But a major fallacy lies behind the “all of the above” energy trope President Obama and his nominees have espoused. As an overarching philosophy it sounds appealing and the rhetoric of inclusiveness is beguiling. But as an energy policy, it does not work because fossil fuels have historically had a huge leg up on renewables in terms of subsidies and federal loopholes and advances in technology have only recently made renewables cost competitive with cheap oil, gas and coal.

Wind and solar are at an even deeper disadvantage because the shale gas boom has flooded the market with cheap natural gas – at least over the short run – enticing consumers and utility companies alike. When natural gas supplies are on offer at a fraction of what it costs to buy wind or solar energy, what choice do budget-conscious buyers have?
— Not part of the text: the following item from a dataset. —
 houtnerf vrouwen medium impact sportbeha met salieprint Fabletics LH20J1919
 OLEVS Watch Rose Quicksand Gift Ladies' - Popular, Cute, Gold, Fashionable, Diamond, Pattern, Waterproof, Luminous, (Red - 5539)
The fallacy of an “all of the above” theme is akin to that behind the “bridge fuel” meme that the drilling industry aggressively promoted as recently as a year ago.

As you surely will recall, proponents of natural gas touted new shale deposits and called for accelerated drilling because natural gas was — according to them — a green alternative to the “old” fossil fuels. Unlike coal and oil, natural gas burned cleaner and would serve as a way for our economy to wean itself from the dirty old fossil fuels to the new green renewables. Indeed, natural gas would serve as a bridge, they said.
 
This idea has been thoroughly debunked by now. The world is warming far too quickly for such a bridge to be built in time. If climate change is going to be reversed or halted, a transition away from fossil fuels has to occur sooner.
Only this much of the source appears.